WHAT TO PRODUCE
Look through the listing below for the line containing "1926 Laurel Pathway, San". Copy it and each line after it up to and including the line containing "KakaoTalk_20210706_141043570_01.jpg", exactly, leaving out pictures.

*** DATA SHOWN Section Begins ***

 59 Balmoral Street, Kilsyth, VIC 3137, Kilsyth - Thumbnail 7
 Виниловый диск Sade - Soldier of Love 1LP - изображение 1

*** DATA SHOWN Section Ends ***
*** DATA SHOWN Section Begins ***

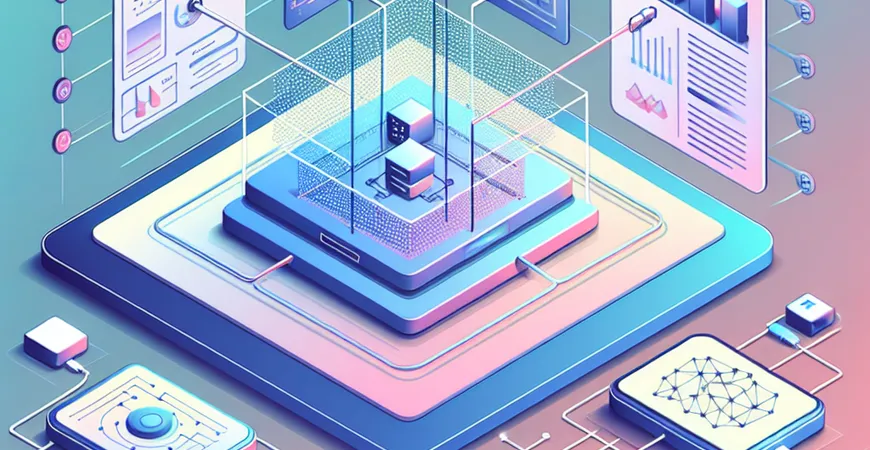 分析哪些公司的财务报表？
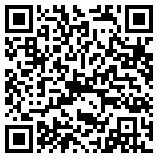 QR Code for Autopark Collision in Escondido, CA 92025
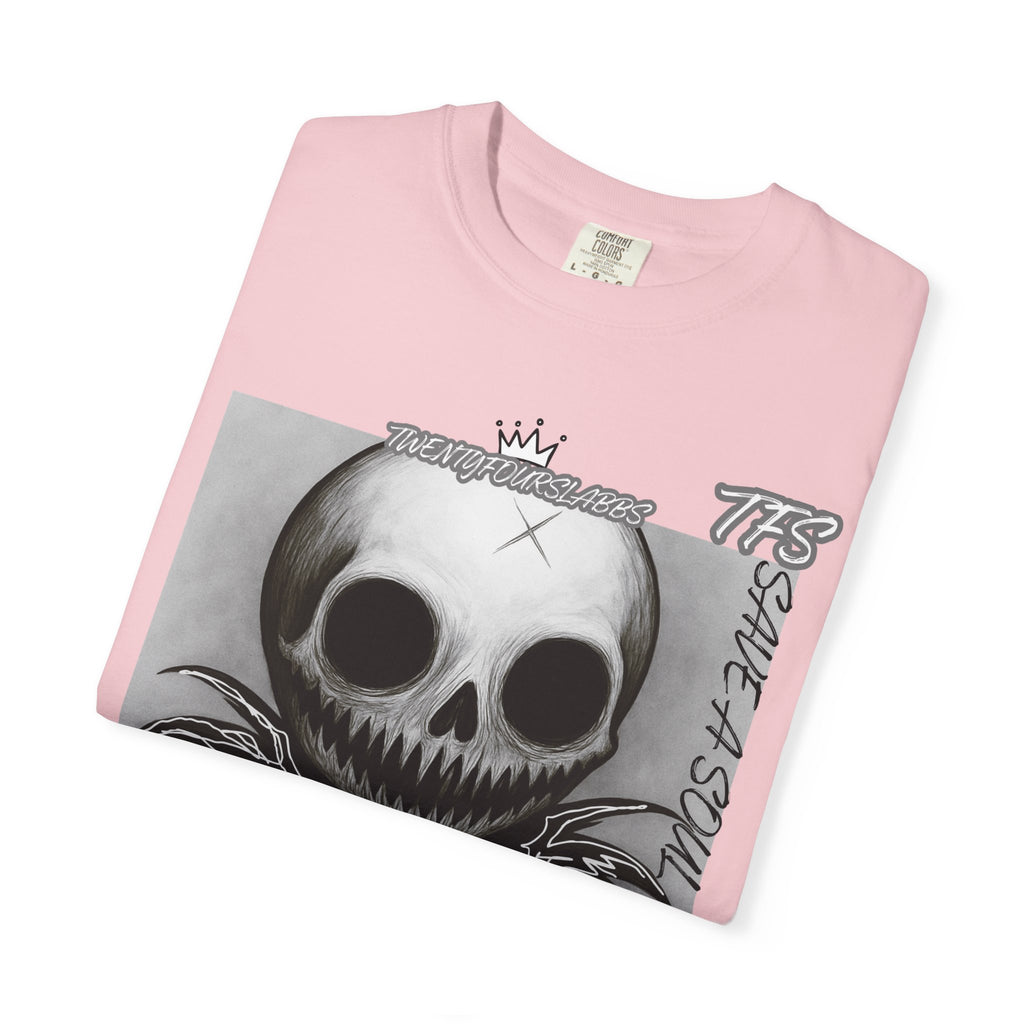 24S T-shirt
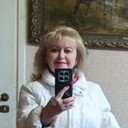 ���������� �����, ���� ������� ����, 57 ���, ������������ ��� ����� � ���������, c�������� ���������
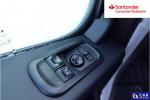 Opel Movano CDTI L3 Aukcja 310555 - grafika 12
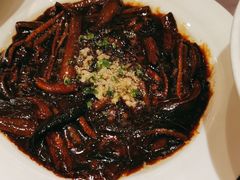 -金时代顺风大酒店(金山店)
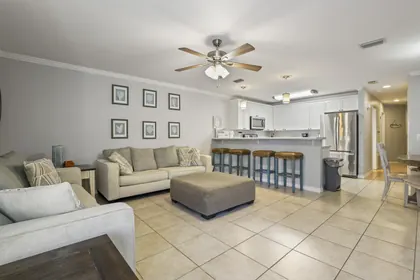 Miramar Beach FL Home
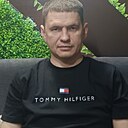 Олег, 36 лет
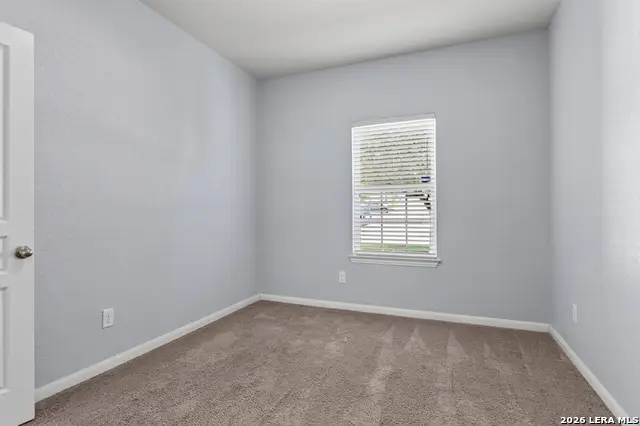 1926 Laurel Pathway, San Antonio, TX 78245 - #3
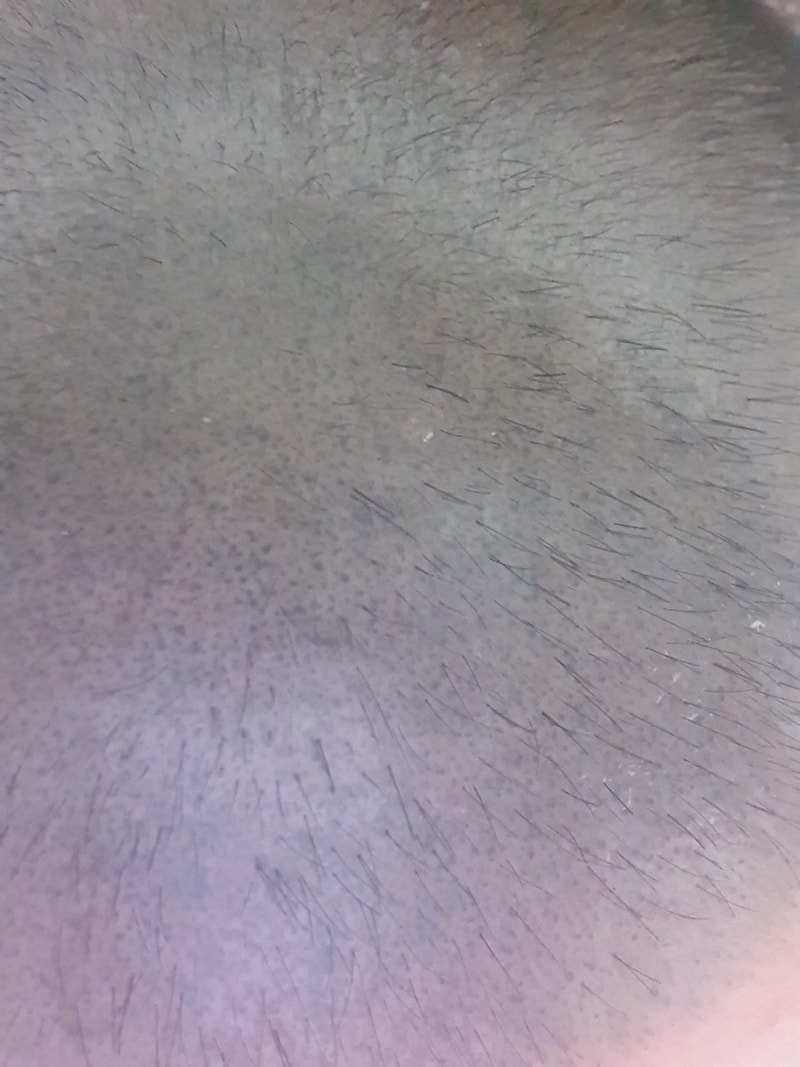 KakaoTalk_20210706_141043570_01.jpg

*** DATA SHOWN Section Ends ***

SOLUTION
 1926 Laurel Pathway, San Antonio, TX 78245 - #3
 KakaoTalk_20210706_141043570_01.jpg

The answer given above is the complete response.